Donald Trump. Picture: REUTERS
Donald Trump. Picture: REUTERS

It’s not a comfortable feeling to be caught naked when the tide goes out. And so it is when the prospect of a currency war between the US and China becomes increasingly likely.

The bad-tempered and unchecked rhetoric that streams from President Donald Trump’s Twitter account has already had a messy effect on global markets: a sell-off of emerging market currencies; a flight to bonds in stable countries like Germany and, er, Greece; and the dumping of commodities that rely on brisk trade and economic growth, like copper and iron ore. The hope is that markets will settle, Trump will be walked into line, and China won’t retaliate with more trade tariffs of its own.

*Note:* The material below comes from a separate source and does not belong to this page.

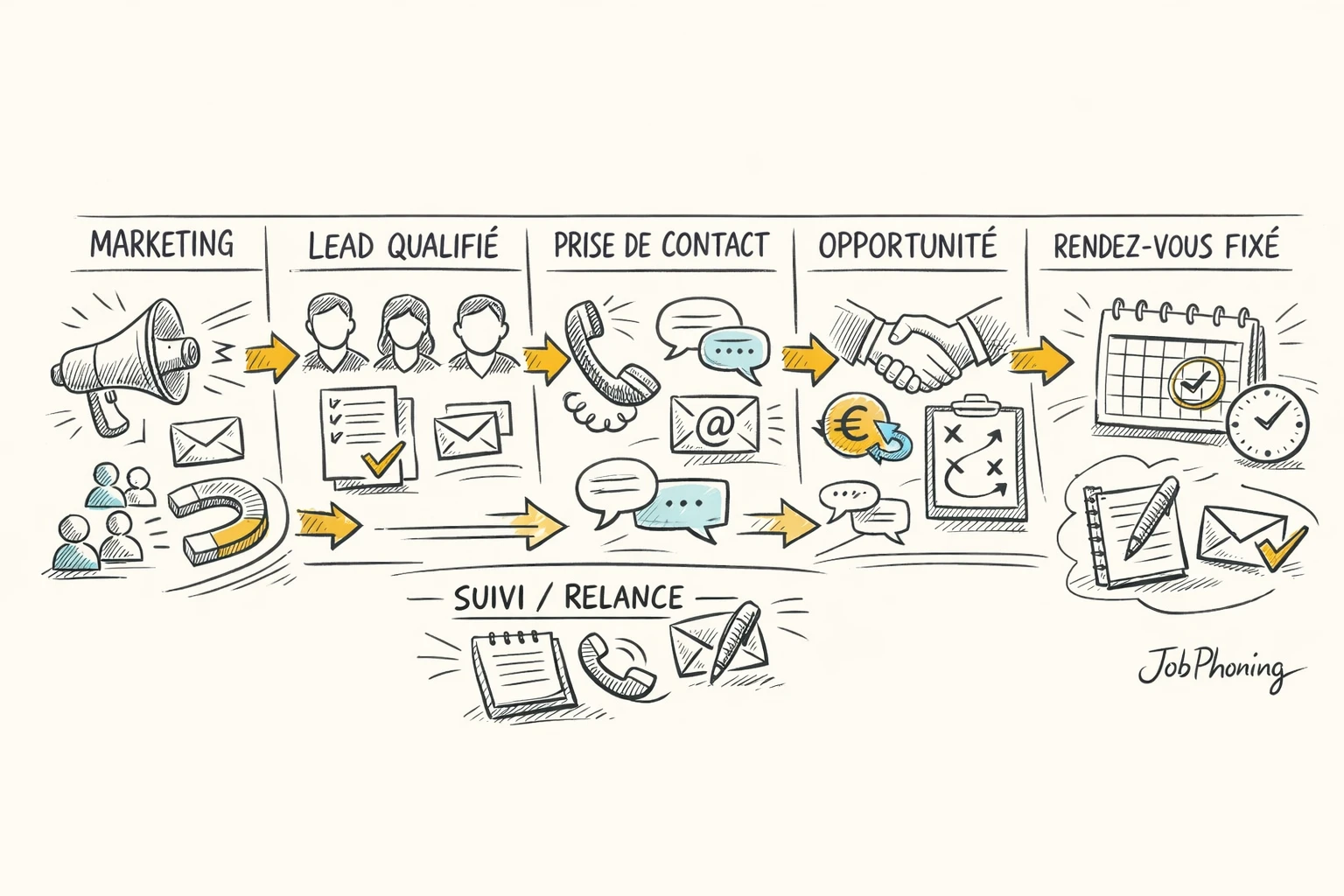 Schéma représentant le passage de leads à rendez-vous via pipeline, fiches et calendrier reliés.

The problem is that a repeated assault on market confidence is especially hard on countries whose economic fundamentals are parlous to begin with, such as SA. We are an exporting nation, reliant on base metals like iron ore and coal. Increasingly, too, we are reliant on others to buy our rapidly rising debt.

SA has to borrow to fund a profligate state that has shown no inclination to cut costs. But as the appetite for risk diminishes, so too does the money flowing to our shores. While no-one benefits from a trade war, a country with major debt and unemployment will be hard hit. Let’s hope that, in the case of the US vs the rest, the adults step in soon.